**** EXERCISE MATERIALS ****
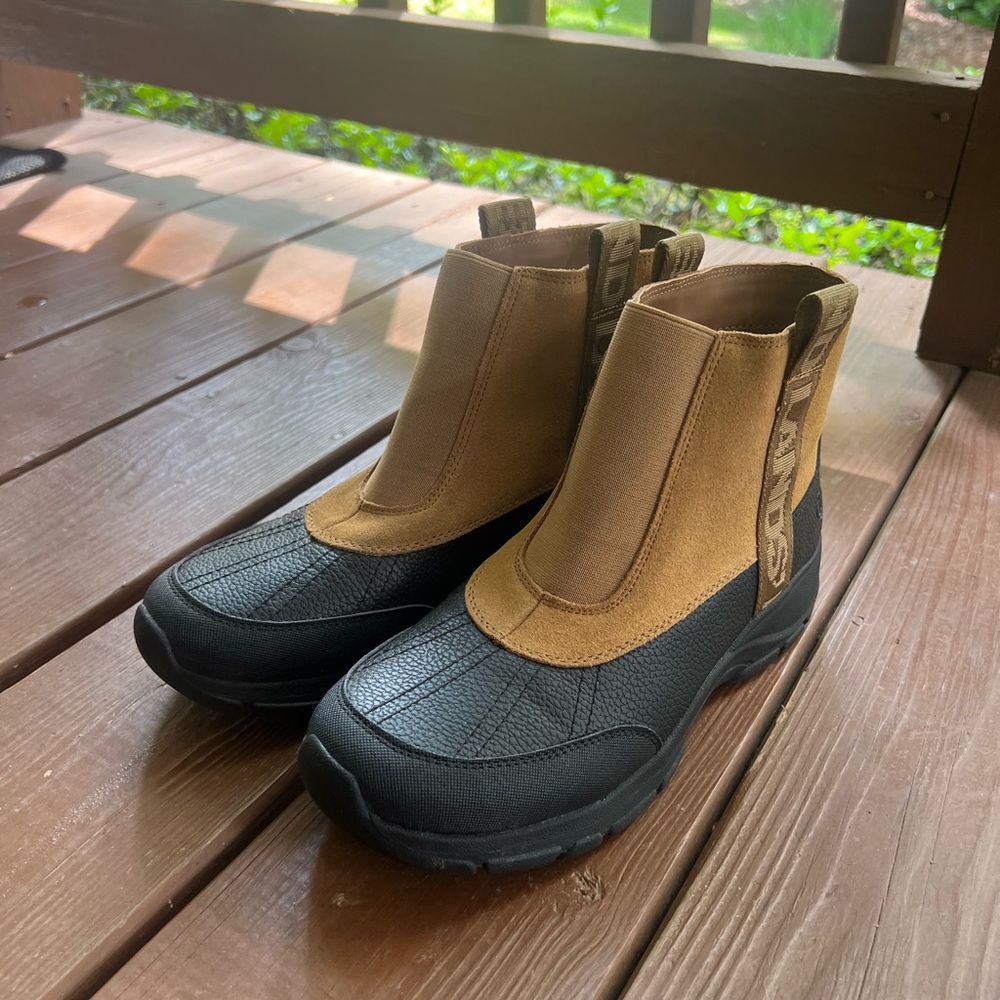 Lands' End Black and Tan Duck Boots with Waterproof Design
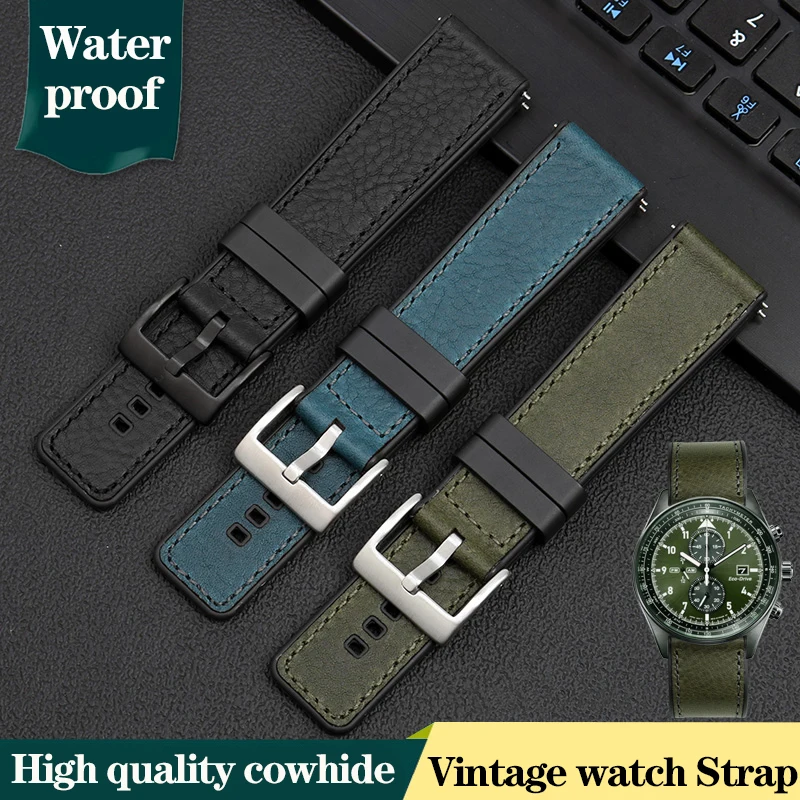 Vintage Italian Leather Watch Band For Seiko Tudor Casio Waterproof Silicone Rubber Bottom Chain Strap Bracelet 20mm  22mm 24mm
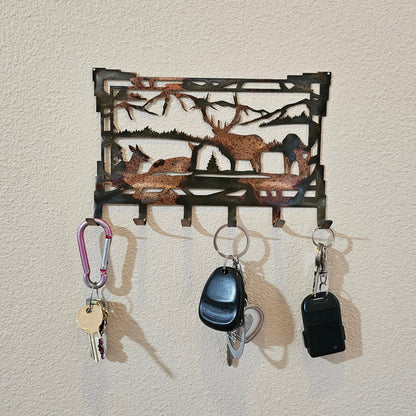 Southwest Elk Family Metal Key Rack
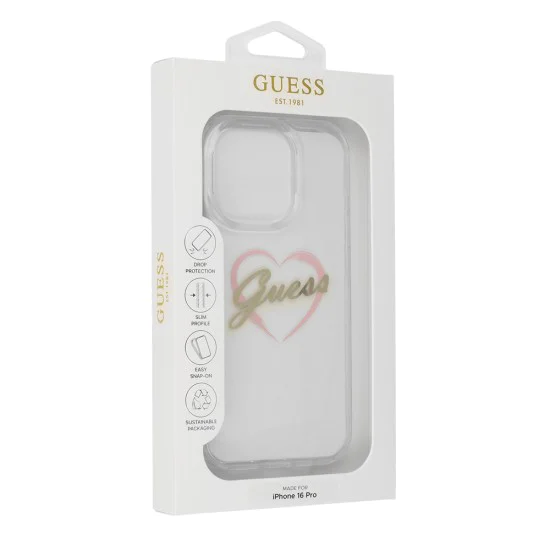 Калъф за iPhone 16 Pro Max - Guess Hardcase IML Heart (GUHCP16XHCHGSPT) - Прозрачен
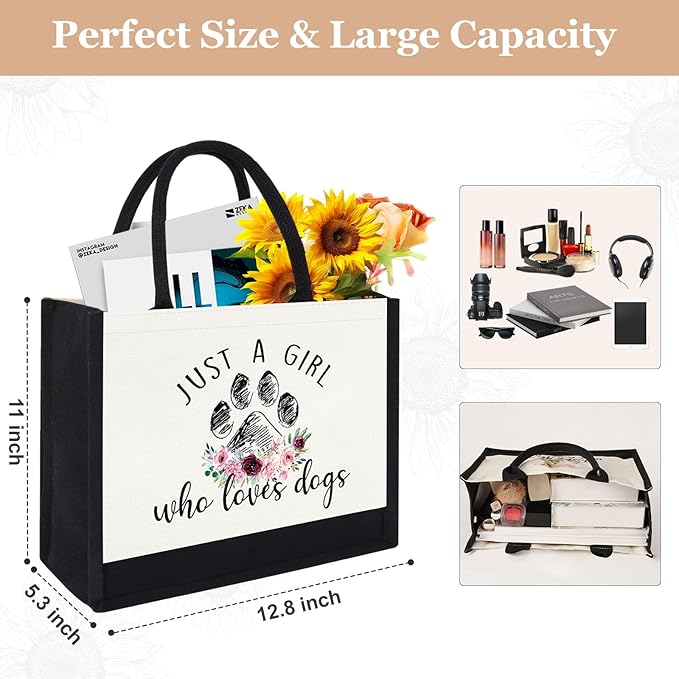 Canvas Tote Bag for Women, Cute Dog Gifts for Dog Lover, Animal Lover Gift Aesthetic Beach Tote Bag Reusable Grocery Bag, Birthday Christmas Gift for Daughter Friends Sisters Bestie Who Loves Dogs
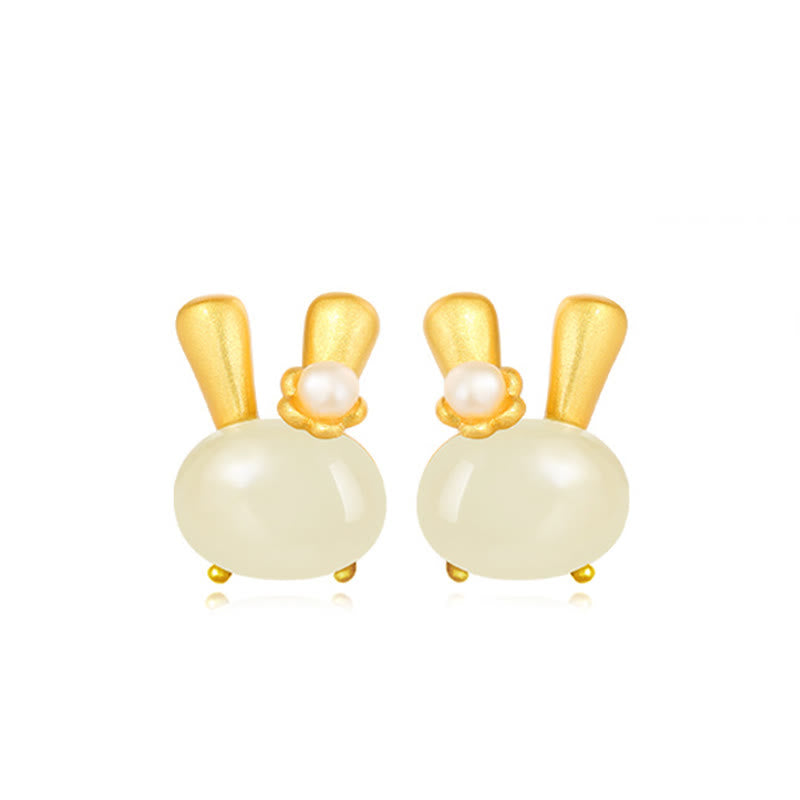 Boucles d'oreilles en perles de lapin en jade naturel Hetian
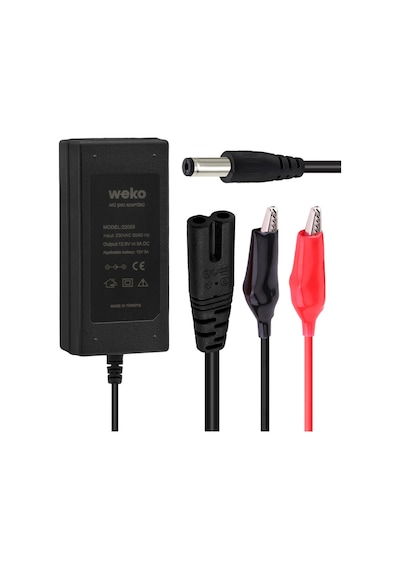 Weko 12.6 Volt - 3 Amper 5.5 2.5 + Krokodil Uçlu Ledli Yerli Üretim Masaüstü Şarj Adaptörü Out:12v3a
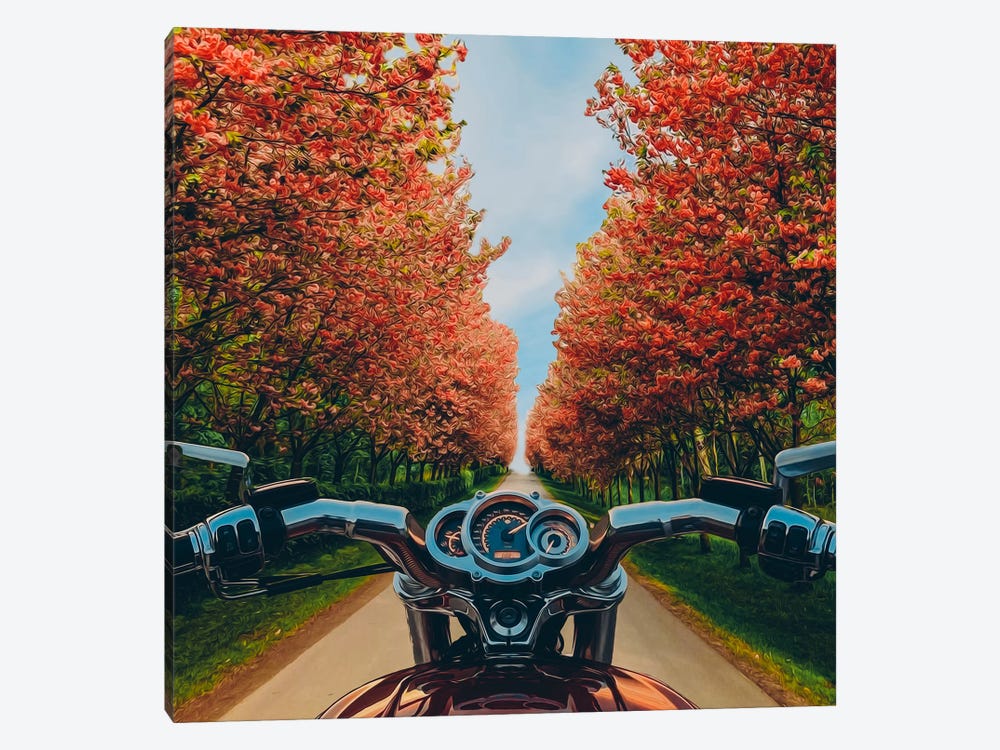 A Motorcycle On A Road With Blooming Spring Trees. by Ievgeniia Bidiuk 1-piece Canvas Artwork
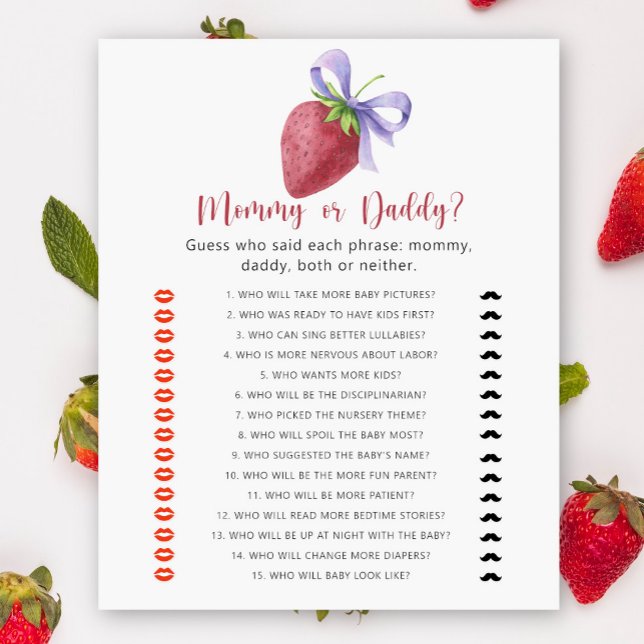 Papier Fraise - jeu de baby shower maman ou papa (Créateur téléchargé)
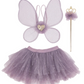 The Royal Fairy Princess Skirt Set by Great Pretenders features delicate wings, a glittery tutu skirt, and a wand adorned with a flower and gold crown decoration, displayed on a white background—perfect for girls’ fairy costume dress up.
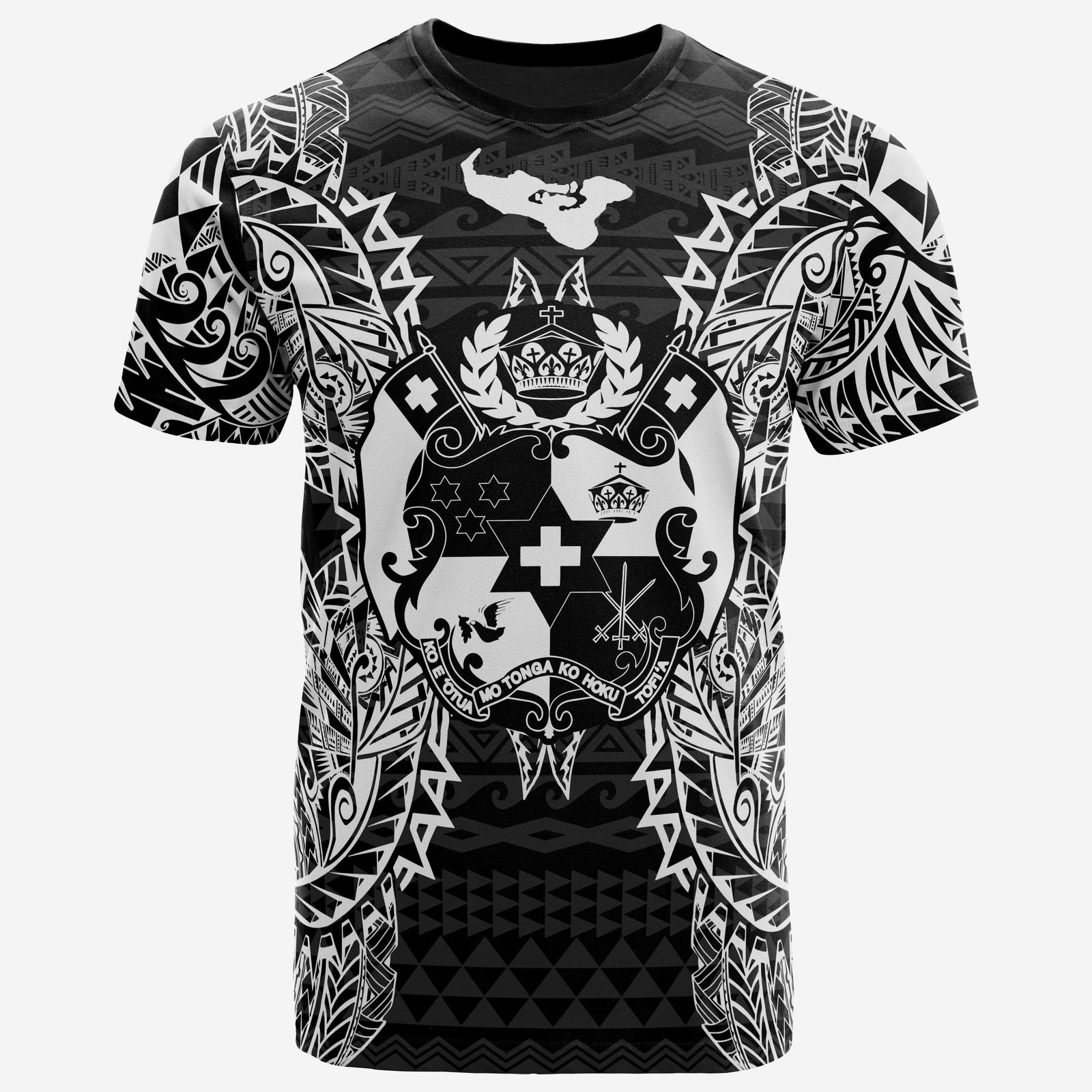 Tonga T Shirt Tonga Coat of Arms Map Polynesian Tattoo White Black Unisex Black - Polynesian Pride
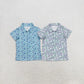 Boys Kids Short Sleeves Camo Fishing Sibling Buttons Shirt Tops RTS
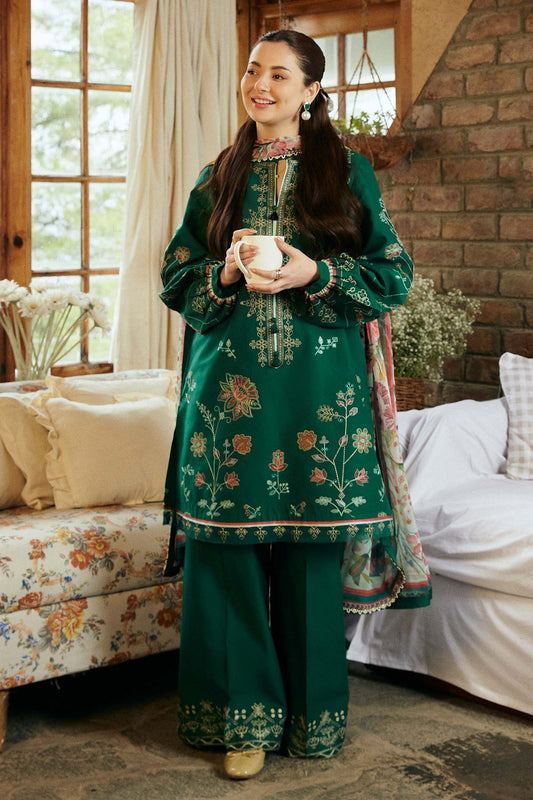 ZARASHAHJAHAN- 3PC LAWN EMBROIDERED SHIRT WITH DIGITAL PRINTED DUPATTA EMB TROUSER-PK-3212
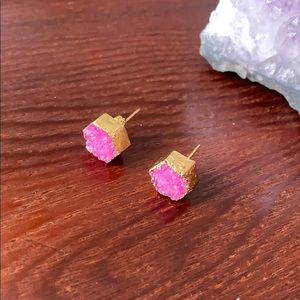 Druzy Pink Studs
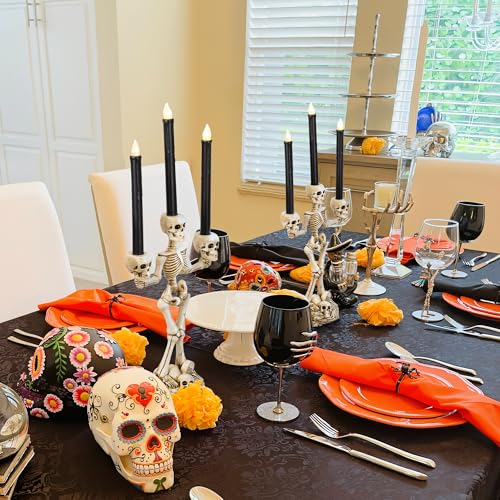 White Skeleton Candelabra with Black LED Candles Set - Gothic Halloween Decor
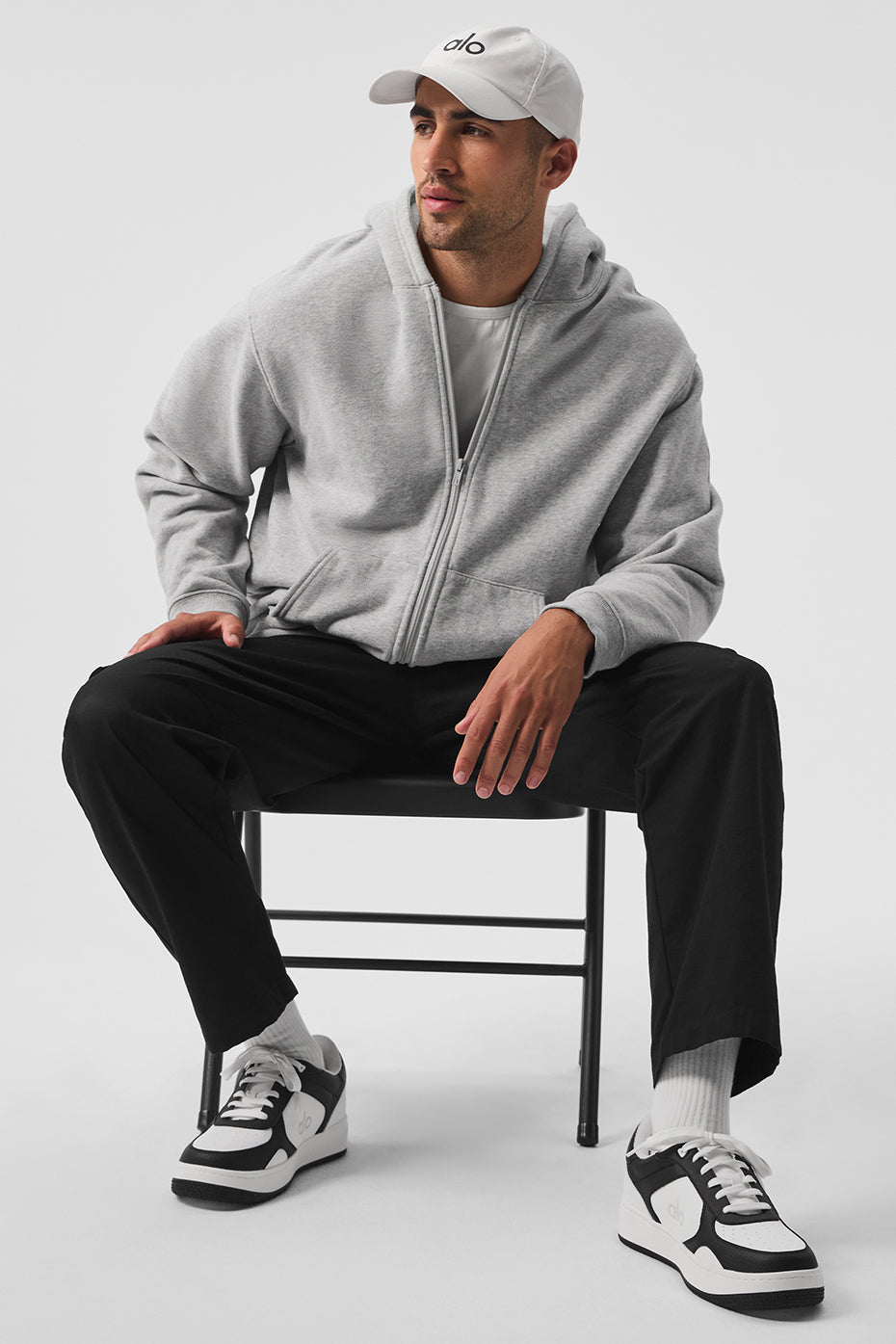 Front view of Renown Comfort Full Zip Hoodie in Athletic Heather Grey, showcasing its oversized fit.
****
→ WHAT YOU ARE ASKED TO DO:
In your reply, every line of the material should appear exactly as written, and no picture should.

→ EXERCISE SOLUTION:
 Lands' End Black and Tan Duck Boots with Waterproof Design
 Vintage Italian Leather Watch Band For Seiko Tudor Casio Waterproof Silicone Rubber Bottom Chain Strap Bracelet 20mm  22mm 24mm
 Southwest Elk Family Metal Key Rack
 Калъф за iPhone 16 Pro Max - Guess Hardcase IML Heart (GUHCP16XHCHGSPT) - Прозрачен
 Canvas Tote Bag for Women, Cute Dog Gifts for Dog Lover, Animal Lover Gift Aesthetic Beach Tote Bag Reusable Grocery Bag, Birthday Christmas Gift for Daughter Friends Sisters Bestie Who Loves Dogs
 Boucles d'oreilles en perles de lapin en jade naturel Hetian
 Weko 12.6 Volt - 3 Amper 5.5 2.5 + Krokodil Uçlu Ledli Yerli Üretim Masaüstü Şarj Adaptörü Out:12v3a
 A Motorcycle On A Road With Blooming Spring Trees. by Ievgeniia Bidiuk 1-piece Canvas Artwork
 Papier Fraise - jeu de baby shower maman ou papa (Créateur téléchargé)
 The Royal Fairy Princess Skirt Set by Great Pretenders features delicate wings, a glittery tutu skirt, and a wand adorned with a flower and gold crown decoration, displayed on a white background—perfect for girls’ fairy costume dress up.
 Tonga T Shirt Tonga Coat of Arms Map Polynesian Tattoo White Black Unisex Black - Polynesian Pride
 Boys Kids Short Sleeves Camo Fishing Sibling Buttons Shirt Tops RTS
 ZARASHAHJAHAN- 3PC LAWN EMBROIDERED SHIRT WITH DIGITAL PRINTED DUPATTA EMB TROUSER-PK-3212
 Druzy Pink Studs
 White Skeleton Candelabra with Black LED Candles Set - Gothic Halloween Decor
 Front view of Renown Comfort Full Zip Hoodie in Athletic Heather Grey, showcasing its oversized fit.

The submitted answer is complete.